Dulu, alasan saya beralih ke Android sangat sederhana: layar lebih besar, fleksibilitas lebih tinggi, dan solusi kamera yang lebih inovatif. Sementara Apple terkesan hati-hati dalam mengembangkan iPhone, inovasi di kubu Android terasa lebih menggairahkan.

Namun, kini situasinya sudah jauh berbeda. Apple telah beralih ke USB-C, ukuran layar sudah setara, dan model iPhone 16 Pro juga dibekali kamera telefoto yang mumpuni. Bahkan, desain iPhone 16 reguler pun sangat menarik. Singkatnya, persaingan hardware tidak lagi menjadi isu utama. Saya mengakui bahwa iPhone umumnya lebih bertenaga, dioptimalkan dengan baik, layarnya berkualitas tinggi, dan kameranya menghasilkan gambar yang bagus.
Lantas, apa yang masih menjadi ganjalan? Jawabannya adalah daya tahan baterai.
Baterai: Dilema Apple
Daya tahan baterai adalah "cawan suci" performa perangkat seluler. Konsumen tidak terlalu menuntut hardware yang lebih bertenaga dari tahun ke tahun, tetapi mereka selalu menginginkan daya tahan baterai yang lebih lama. Hal ini juga berkaitan erat dengan pengisian daya yang lebih cepat, sesuatu yang enggan diterapkan oleh Apple. Sementara itu, perangkat Android sudah banyak yang menggunakan baterai silikon-karbon dan pengisian daya 100W.
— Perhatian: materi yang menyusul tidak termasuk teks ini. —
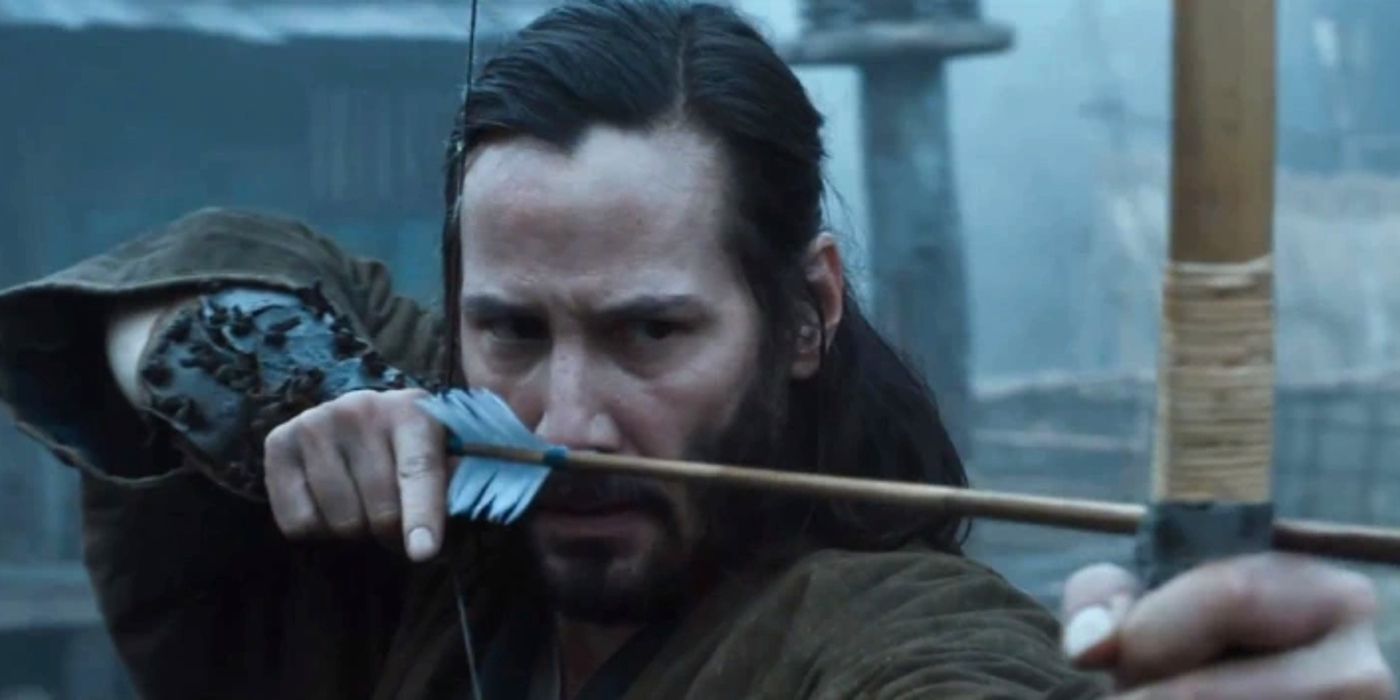 Kai (Keanu Reeves) firing a bow and arrow in 47 Ronin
| Fitur | iPhone | Android |
|---|---|---|
| Jenis Baterai | Lithium-ion | Silikon-karbon (beberapa model) |
| Pengisian Daya | Lebih lambat, fokus pada umur panjang | Lebih cepat, teknologi bervariasi |
| Daya Tahan Baterai | Cukup baik, tapi tertinggal | Unggul, terutama pada model tertentu |
| Ekosistem | Terintegrasi dengan baik | Terbuka, banyak pilihan produsen |
Apple memang terus berbenah. iPhone 17 Pro Max dikabarkan akan menggunakan baterai yang lebih besar dari model sebelumnya, dan pengisian daya nirkabel yang lebih cepat juga sedang dipertimbangkan berkat standar Qi2 25W yang baru. Rumor juga menyebutkan bahwa iPhone 17 Air yang super tipis dapat menggunakan teknologi baterai silikon-karbon.
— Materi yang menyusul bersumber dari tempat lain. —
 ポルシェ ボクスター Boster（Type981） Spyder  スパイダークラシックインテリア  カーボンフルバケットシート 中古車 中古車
Meningkatkan daya tahan baterai tentu akan menarik minat saya. Namun, Apple berada dalam posisi yang sulit. Ponsel Android murah dapat menawarkan baterai besar dan pengisian daya yang lebih cepat, tetapi perangkat tersebut umumnya tidak digunakan selama iPhone. Pelanggan Apple mengharapkan iPhone bertahan selama bertahun-tahun, dan mengontrol kesehatan baterai dengan kecepatan pengisian daya yang lebih rendah adalah bagian dari strategi perusahaan untuk memenuhi harapan tersebut.
Era AI: Saatnya Siri Berbenah
Dengan kesetaraan hardware, inovasi kini terletak pada software. Fokus Apple seringkali tertuju pada perluasan keunggulan ekosistem. Siri, sebagai salah satu asisten suara pertama, tertinggal jauh dari Google Assistant dan Gemini. Revolusi Siri yang dijanjikan oleh Apple Intelligence belum terwujud, tetapi inilah area di mana Apple harus memimpin.
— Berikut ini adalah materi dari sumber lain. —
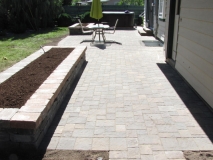 raised_bed_pavers_patios_914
Kita sedang menuju era post-app, di mana AI akan menawarkan pengalaman yang dipersonalisasi, mampu memprediksi apa yang Anda inginkan dan kapan Anda menginginkannya. Apple harus memanfaatkan AI untuk menciptakan dunia yang mulus di mana ponsel benar-benar mempelajari rutinitas Anda, memberikan saran cerdas, belajar dari preferensi Anda, dan membuat hidup lebih mudah.
Jika Apple benar-benar membuat kemajuan yang berarti dengan pengalaman yang lebih cerdas, saya akan dengan senang hati kembali ke iPhone. Semoga saja, acara peluncuran pada 9 September mendatang membawa kabar baik.